Pour certains, elle restera à jamais la poupée Fanfreluche qui détournait avec bonheur les contes de notre enfance. Pour d’autres, la douce Grand-mère de Pass-Partout qui avait envie de raconter de belles histoires. Né à Moscou le 1erest Octobre 1923, l’actrice, auteur et scénariste Kim Yaroshevskaya est décédée dimanche, à l’âge de 101 ans, des suites d’une chute survenue il y a quelques semaines, a-t-on confirmé. Devoir avec des membres de la famille proche.
Enfant d’intellectuels révolutionnaires, la petite fille, qui rêvait d’avoir une poupée, portait, comme beaucoup d’enfants de l’époque, le prénom Kim, qui était l’acronyme de Jeunesse Communiste Internationale. À l’âge de 7 ans, elle devient orpheline lorsque ses parents sont éliminés par Staline. Accueillie par sa grand-mère qui vit dans la pauvreté, la petite Kim quitte la Russie à l’âge de 10 ans pour vivre chez une tante à Montréal. N’étant pas catholique, elle fut envoyée dans une école anglaise. Elle a appris le français lors de ses études aux Beaux-Arts.
Et Kim crée Fanfreluche
Passionnée de contes depuis sa petite enfance, notamment ceux de Pouchkine, Kim Yaroshevskaya a créé le personnage de la poupée Fanfreluche lors d’une improvisation à l’Ordre de Bon Temps, mouvement culturel laïc fondé par Roger Varin en 1946. De cette improvisation sont nés également les le clown Fafouin (Guy Messier) et le pirate Maboule (Jacques Létourneau), qui seront, avec Fanfreluche, les vedettes de Fafouin (1954-1955) et La boîte surprise (1956-1966), émission pour enfants animée par Pierre Thériault.

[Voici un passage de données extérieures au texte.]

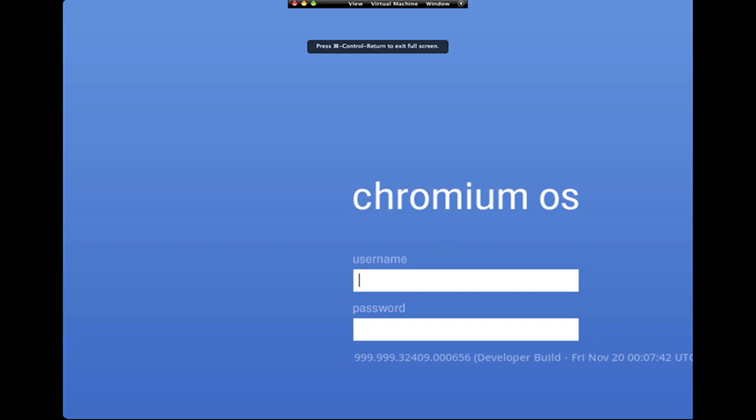All right, so now all I want to do is actually type in a Google username. So basically, if you have Gmail, mine is JoeGasMail, and there's no cursor in the startup, so you just have to press tab.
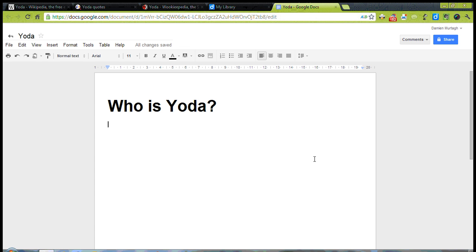Hi there, this short video is designed to show you how to use Diigo to take notes for an assignment. I've got a fictitious assignment that I've given myself about who is Yoda.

Après quelques hésitations, elle accepte de prolonger l’aventure télévisuelle de son personnage dans Fanfreluche (1968-1971), dont elle écrit tous les épisodes. De 1977 à 1987, elle devient grand-mère à Pass-Partout. Qu’elle porte les boucles brunes de Fanfreluche ou le chignon gris de Grand-Mère, l’actrice au regard pétillant n’a pas d’égale pour captiver les enfants avec ses contes qu’elle raconte avec son accent doux et sa voix flûtée. .
Une femme « magique »
« Elle sait toucher le cœur des gens avec une simplicité déconcertante », résume l’actrice Violette Chauveau, amie de longue date de Kim Yaroshevskaya.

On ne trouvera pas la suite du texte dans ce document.